This week I’ve been particularly interested in the authority of bishops. I realised that the status of the authority of bishops has changed significantly in my lifetime, in a way that I had been intuiting but hadn’t quite identified. I haven’t found it easy to find the right words to describe this, but I believe the bishops of the church, the teachers and leaders and theologians, senior staff at Church House and Lambeth Palace, the members of the Archbishops’ Council, no longer, ontologically, embody the kind of wisdom authority to the same degree that many church leaders embodied in my youth and my years in parish ministry.

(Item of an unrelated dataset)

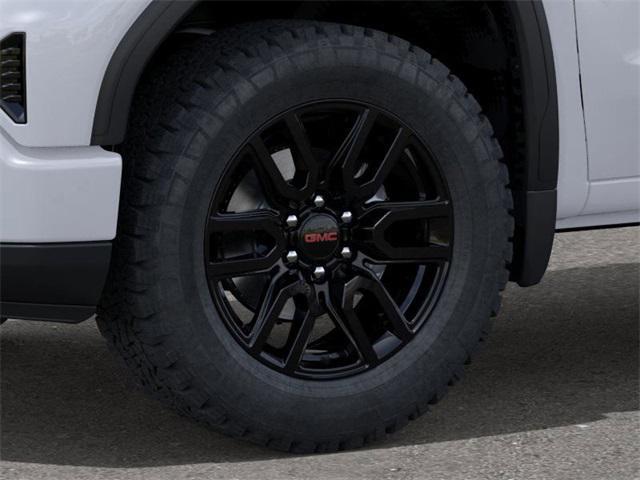 new 2025 GMC Sierra 1500 car, priced at $50,400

Jesus’ authority is predicated on God’s authority. Biblical authority is predicated on God’s authority. Jesus declines to answer the question posed by the chief priests and elders. He poses instead a question they find it impossible to answer – clever move. But the question of what authority Jesus has remains unanswered. What amazed the people was not Jesus’ authority - the people were amazed at his teaching because, unlike the scribes, he taught with a note of authority. It’s the teaching, not the authority, that is fundamental.
Jesus is the one supreme teacher on being the West has. Only Jesus has fathomed the depths of being. Jesus’ way of putting it – I am – engages viscerally with the fundamental of the self. The Jesus teaching comes in the form of a story and compels us to engage with his experience and what he learns on the way – and to walk in his shoes. It is within the mystery of the narrative that Truth resides.
In my experience, a paradigm change is taking place in the Church of England, difficult though it is to discern if you look at the central structures of the Church. Change is happening at parish level and in the many friends I have and networks I am part of. Many of my friends have abandoned attendance at or involvement with the Church, despairing of its teaching, worship and leadership and finding it no longer fit for purpose.